Theory-guided growth of a neater, extra versatile course of for synthesizing unsymmetric ligands supplies new avenues of exploration in transitional metallic catalysis.

Scientists have found the important thing to synthesizing a molecular device that would vastly increase the number of catalytic reactions potential with transition metals. The analysis group has taken a well-established set of compounds that can be utilized to make transition metallic catalysts and developed a easy, radical-based response for creating unsymmetric variants of those molecules utilizing gentle circumstances. Easier entry to a greater diversity of those unsymmetric compounds opens a realm of latest potentialities for designing transition metallic catalysts.

Published at present (November 21) within the journal Nature Communications, the research was conducted by scientists at Hokkaido University’s Institute for Chemical Reaction Design and Discovery (WPI-ICReDD) in Japan.
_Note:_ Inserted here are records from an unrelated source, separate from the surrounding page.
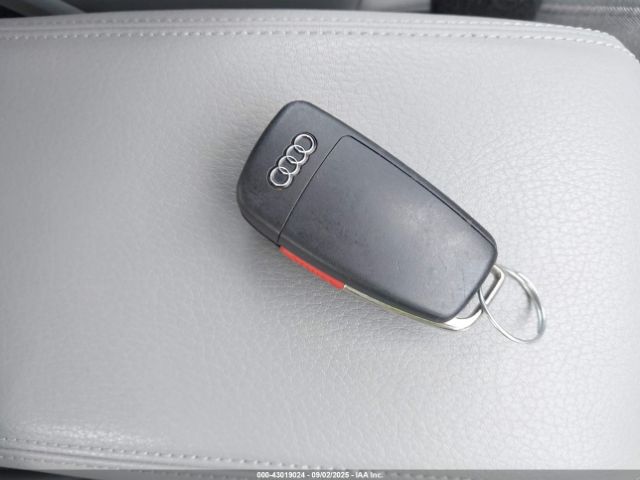 2018 AUDI A3 E-TRON WAUTPBFFXJA068007 Photo 10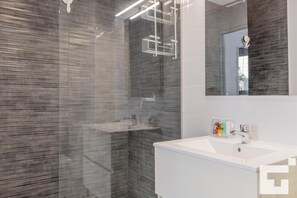 Shower, towels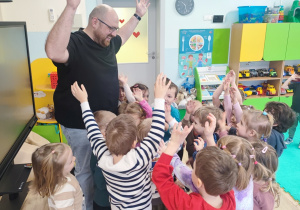 Dzieci dziękują Panu za zajęcia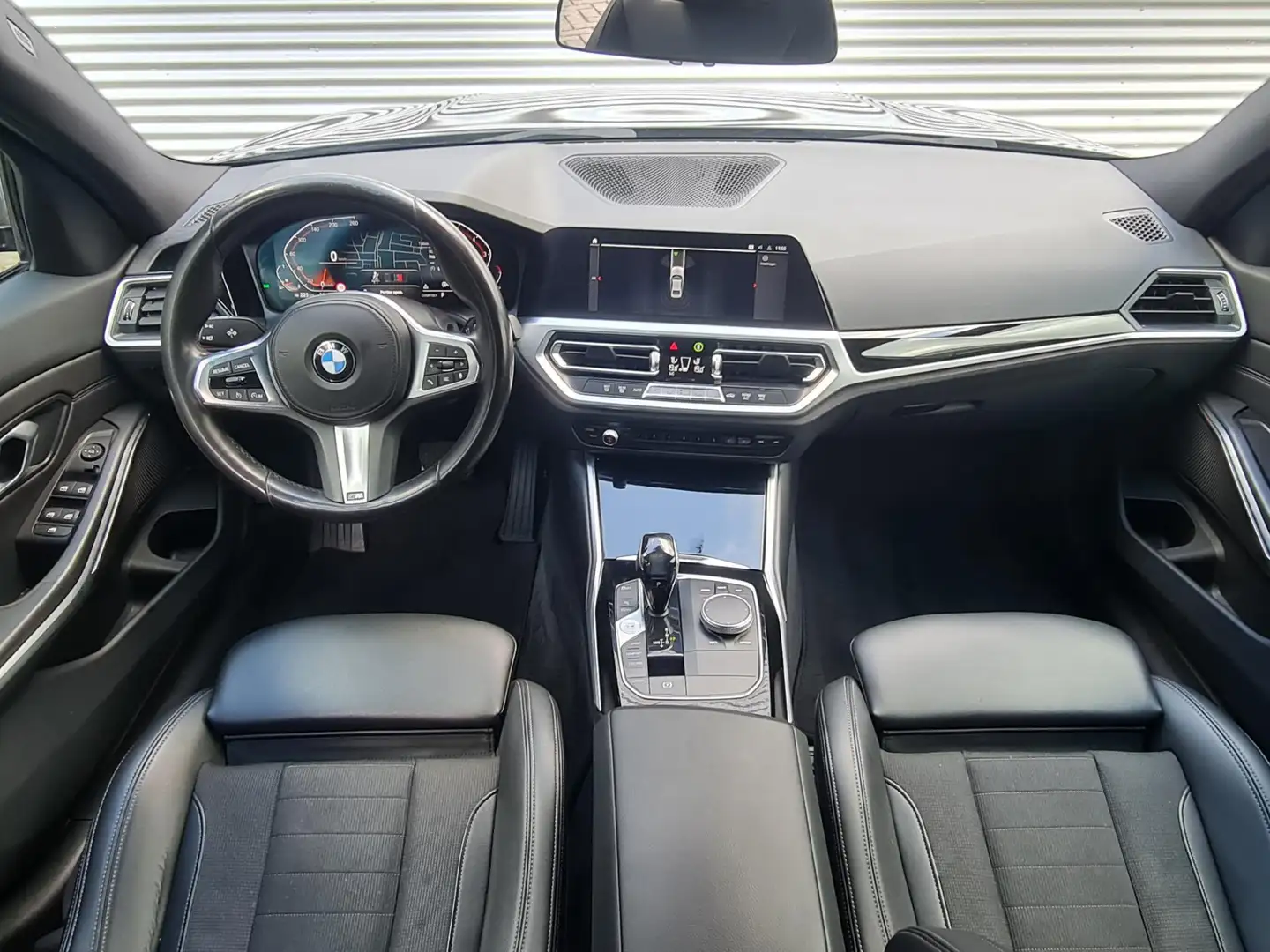 BMW 320 3-serie 320i Executive Edition | Navi Pro | Carpla Чорний - 2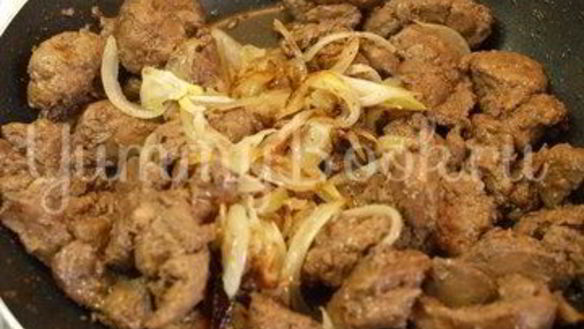 ШАГ 4. куриная печень с сыром в горшочке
The focus of this research is on a class of compounds called 1,2-bis(diphenylphosphino)ethane derivatives (DPPEs). DPPEs are bidentate — i.e., they attach to the metal center of a catalyst in two locations. However, DPPEs have typically been symmetric, with each attachment arm being the same, which limits the possible structural variety and reactivity. This study overcomes that limit, reporting a versatile method for developing unsymmetric DPPEs using ethylene, an abundantly available feedstock chemical.
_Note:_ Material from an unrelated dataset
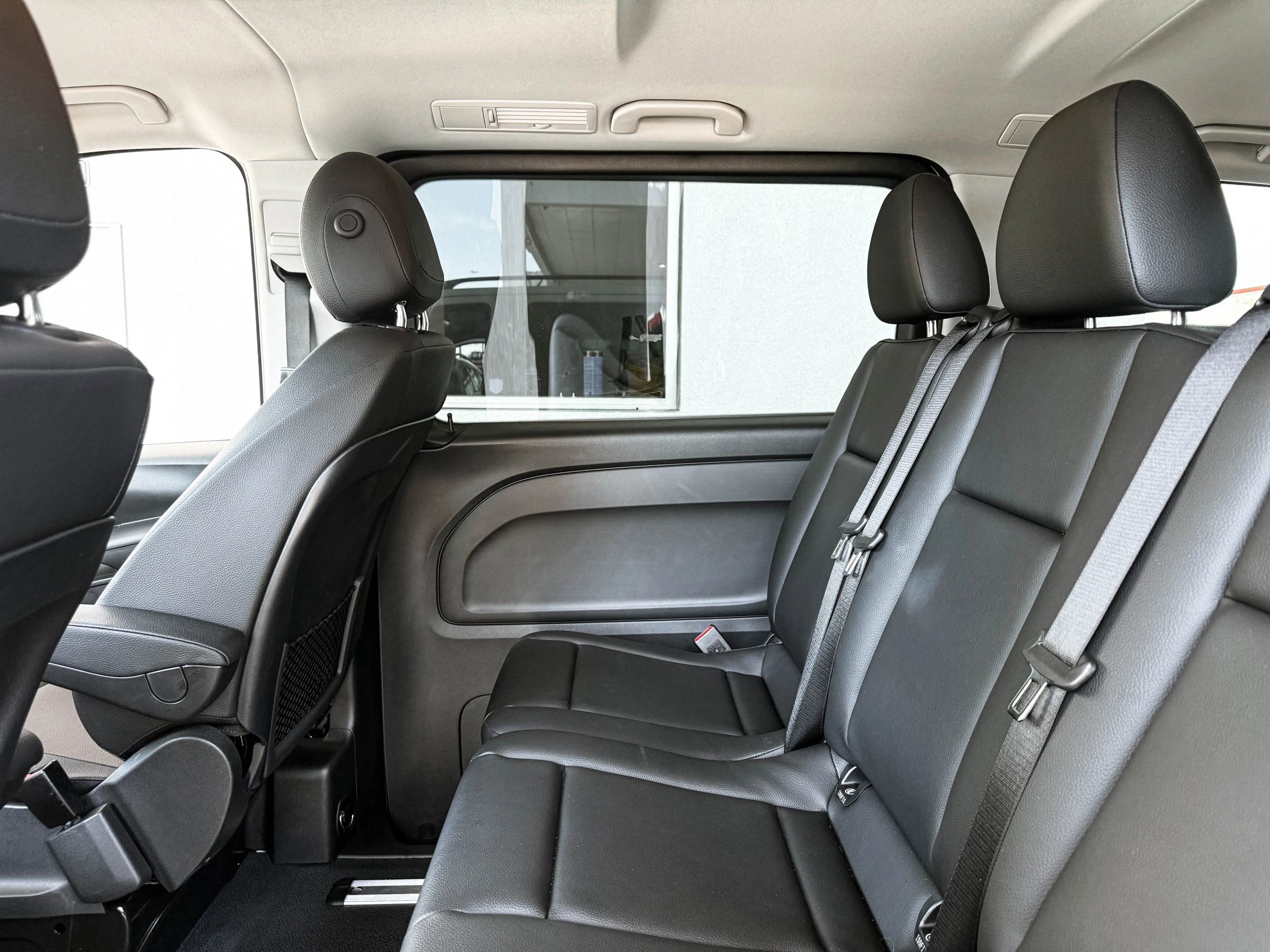 Used 2023 Mercedes-Benz Metris Passenger image 27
Synthesis of Unsymmetric DPPEs Process

Schematic of the combined AFIR-based computational and experimental process for developing the synthesis of unsymmetric DPPEs. Credit: Hideaki Takano, et al. Nature Communications. November 21, 2022

To guide their efforts, researchers initially performed quantum chemical computations via the artificial force induced reaction (AFIR) method to identify possible starting materials that could react to form DPPE. Computations showed a viable process whereby phosphine radicals reacted readily with ethylene to form DPPE. Based on this, the team experimentally verified a straightforward process for making symmetric DPPEs that forms phosphine radicals in solution simply by mixing three readily available compounds. This significantly improves upon previous methods that involved multiple steps and the use of unstable, highly reactive compounds.
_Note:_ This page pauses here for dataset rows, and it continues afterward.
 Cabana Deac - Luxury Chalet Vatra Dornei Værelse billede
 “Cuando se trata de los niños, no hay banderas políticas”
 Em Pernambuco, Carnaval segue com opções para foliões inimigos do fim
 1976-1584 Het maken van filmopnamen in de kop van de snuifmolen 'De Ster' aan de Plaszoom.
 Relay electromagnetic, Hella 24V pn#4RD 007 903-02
This process was then extended to unsymmetric DPPEs, mixing ethylene with both chlorophosphines and phosphine oxides that covered a wide range of electronic properties and sizes.  The difference in sizes and electronic properties creates a push-pull effect that could lead to beneficial reactivity or selectivity. Optimization studies found the use of a photocatalyst with blue LED irradiation provided the best yield.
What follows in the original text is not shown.